As for the highway bill, that has been mired in a stalemate in a conference committee. Speaker Boehner and Majority Leader Reid have, of late, taken a strong interest in the negotiations, and Boehner announced some movement yesterday:

House Speaker John Boehner (R-Ohio) said Thursday that “clearly there’s some movement” in negotiations in Congress about a new transportation spending bill.

Asked during a news conference for an update on the bicameral negotiations, which are coming down to the wire because of a June 30 deadline for the expiration of the current funding for road and transit projects, Boehner said lawmakers were “continuing to do our work” on the highway conference.

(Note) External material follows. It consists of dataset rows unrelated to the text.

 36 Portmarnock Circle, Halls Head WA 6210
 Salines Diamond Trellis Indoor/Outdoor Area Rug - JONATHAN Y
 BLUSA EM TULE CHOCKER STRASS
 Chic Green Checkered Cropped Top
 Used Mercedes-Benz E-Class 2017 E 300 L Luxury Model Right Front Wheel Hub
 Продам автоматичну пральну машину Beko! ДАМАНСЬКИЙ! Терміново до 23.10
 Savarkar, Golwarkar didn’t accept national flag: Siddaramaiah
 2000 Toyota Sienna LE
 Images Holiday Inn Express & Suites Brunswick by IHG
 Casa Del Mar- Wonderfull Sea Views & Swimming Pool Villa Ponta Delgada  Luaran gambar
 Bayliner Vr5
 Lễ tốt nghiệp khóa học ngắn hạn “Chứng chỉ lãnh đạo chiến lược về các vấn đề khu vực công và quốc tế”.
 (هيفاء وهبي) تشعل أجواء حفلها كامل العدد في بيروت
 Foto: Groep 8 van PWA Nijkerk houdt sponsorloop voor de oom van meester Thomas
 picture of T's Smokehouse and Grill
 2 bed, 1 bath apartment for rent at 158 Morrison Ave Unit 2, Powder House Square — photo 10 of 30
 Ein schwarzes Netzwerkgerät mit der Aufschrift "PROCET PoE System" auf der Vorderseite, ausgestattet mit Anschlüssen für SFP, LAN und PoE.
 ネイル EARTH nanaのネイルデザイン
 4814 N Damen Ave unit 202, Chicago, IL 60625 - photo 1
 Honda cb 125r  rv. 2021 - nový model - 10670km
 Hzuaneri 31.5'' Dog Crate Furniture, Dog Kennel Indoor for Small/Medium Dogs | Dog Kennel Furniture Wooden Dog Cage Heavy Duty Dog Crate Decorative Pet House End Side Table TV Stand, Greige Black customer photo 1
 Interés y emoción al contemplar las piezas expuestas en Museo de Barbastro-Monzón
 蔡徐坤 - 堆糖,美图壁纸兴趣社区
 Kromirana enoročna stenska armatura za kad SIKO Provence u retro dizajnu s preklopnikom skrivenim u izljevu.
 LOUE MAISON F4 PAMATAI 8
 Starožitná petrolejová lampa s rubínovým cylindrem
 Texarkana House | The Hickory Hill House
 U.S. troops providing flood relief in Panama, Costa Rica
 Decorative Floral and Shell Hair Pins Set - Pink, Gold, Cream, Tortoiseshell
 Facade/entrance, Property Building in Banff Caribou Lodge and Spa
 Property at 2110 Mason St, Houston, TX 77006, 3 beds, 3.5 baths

“I met with the the Republican conferees today on the highway bill. They’ve been heavily engaged,” he said. “And clearly there’s some movement that’s been under way since the meeting I had with Sen. [Harry] Reid [D-Nev.] and Sen. [Barbara] Boxer [D-Calif.].”

Reid said he believed there wouldn’t be any need for a short-term extension, indicating that a 2-year bill would get done. I’m also dubious of this, especially when you have a student loan bill that has to pass in the same week.

And then there’s the real hurdle here, which is that House Republicans are still trying to insert language into the bill approving the Keystone XL pipeline. This has already drawn a veto threat, and so its inclusion would probably blow up the deal.

The clock is ticking on both of these measures; they expire June 30.